In my scenario, I was using ZFS, and it was created from the PBS GUI itself. ZFS status reported no error at all, I was able to create and work with other file formats on that pool just fine. I rebooted the server, which had 260 days of uptime, created backups manually… nothing worked until I deleted all the former backups of a VM and then started a new backup. Same storage, same connectivity, everything the same, just no old backups. I deleted then all the backups from all VMs and backups were browsable and restoring once again.
I must say I just have one backup per VM, so rotation should be quite easy, and the fact it failed on all VMs (but on none of the CTs) made me think perhaps it was something about ZFS and how it handled qcow2 files from origin (just guessing, probably you devs will have a better idea).
That's why I've destroyed the pool and created a mdadm software raid instead and mounted a directory as datastore.

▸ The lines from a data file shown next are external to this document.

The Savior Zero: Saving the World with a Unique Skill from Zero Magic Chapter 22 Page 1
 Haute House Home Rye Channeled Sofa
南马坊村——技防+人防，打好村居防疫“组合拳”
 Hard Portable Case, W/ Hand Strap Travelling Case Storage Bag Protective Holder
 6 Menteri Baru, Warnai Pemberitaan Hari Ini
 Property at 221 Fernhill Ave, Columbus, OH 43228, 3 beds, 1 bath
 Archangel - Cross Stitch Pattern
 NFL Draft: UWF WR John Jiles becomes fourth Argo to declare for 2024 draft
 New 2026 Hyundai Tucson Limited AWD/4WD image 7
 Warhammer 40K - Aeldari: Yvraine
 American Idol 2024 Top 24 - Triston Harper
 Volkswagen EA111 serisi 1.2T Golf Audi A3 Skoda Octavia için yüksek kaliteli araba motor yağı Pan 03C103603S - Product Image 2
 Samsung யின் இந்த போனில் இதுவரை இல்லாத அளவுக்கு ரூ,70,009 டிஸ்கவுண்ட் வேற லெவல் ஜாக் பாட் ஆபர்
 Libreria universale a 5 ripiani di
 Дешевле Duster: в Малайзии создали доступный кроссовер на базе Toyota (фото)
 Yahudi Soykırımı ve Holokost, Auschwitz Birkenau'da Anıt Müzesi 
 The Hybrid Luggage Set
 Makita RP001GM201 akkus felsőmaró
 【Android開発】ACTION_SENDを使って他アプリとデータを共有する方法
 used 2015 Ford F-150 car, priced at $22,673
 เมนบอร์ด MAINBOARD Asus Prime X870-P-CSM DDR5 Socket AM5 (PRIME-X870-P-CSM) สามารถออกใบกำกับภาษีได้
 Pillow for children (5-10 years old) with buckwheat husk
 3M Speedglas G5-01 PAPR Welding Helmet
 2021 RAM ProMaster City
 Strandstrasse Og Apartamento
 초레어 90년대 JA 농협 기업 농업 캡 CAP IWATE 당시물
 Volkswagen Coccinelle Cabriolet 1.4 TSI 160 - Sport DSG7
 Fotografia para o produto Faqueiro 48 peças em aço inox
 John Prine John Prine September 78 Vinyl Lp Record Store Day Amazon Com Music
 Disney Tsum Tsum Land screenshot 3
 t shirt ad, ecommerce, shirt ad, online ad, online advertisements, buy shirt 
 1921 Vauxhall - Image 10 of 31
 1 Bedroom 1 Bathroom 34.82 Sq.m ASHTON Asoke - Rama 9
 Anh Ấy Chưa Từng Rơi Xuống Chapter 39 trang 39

I'm doing right now a full backup for all my VMs. I think mdadm can outperform raidz because it must have more IOPS than a raidz (preliminary test with small VMs were promising). On my last scenario, I had to disable verification on the datastore because of two huge VMs which take more than a week each to verify, so I wasn't able to do a backup again until verification finished… lesson learned, we must activate verification and calculate the backup to be executed after it. (wishlist to PBS devs: make verification activatable per VM, not just per datastore, so we can handpick which one VM we want to avoid the verification because it takes an eternity).
All in all, this has been a very painful experience, I was very lucky to have another backup mechanism, although I had to install a VM from scratch, all the software and then restore the MSSQL huge DBs… If I only got noticed backups were in a bad state I could have done something preventively, but as verification takes an eternity and is an all-or-nothing, I decided for the “nothing” after testing PBS at the beginning and seeing it was working just as expected. Now I rather prefer to have an outdated (and verified) VM backup from two weeks ago rather than repeat this hell of restoring. I hope mdadm will be faster than ZFS, yet I know I will lose all the benefits of that file system, I just need space and speed, and ZFS (with my hardware) seems to be quite slow as I got the IOPS of a single HDD.
Well, after months of my last comment, when I'd reinstalled PBS above a MDADM instead a RAIDZ pool. I've just faced once again the same issue.
This time, though, I made sure I had verification passed, but it failed once again.
I think I'm giving up with PBS, or I have very bad luck, or it is far from be production ready, and when you need to restore a copy the most, you face this, leaving you in the deepest misery.
Former backup system, where you only need to specify a destination, is quite more mature. I prefet to not to have deduplication and other features rather than find, when I need desperately to restore a VM, that I cannot do it.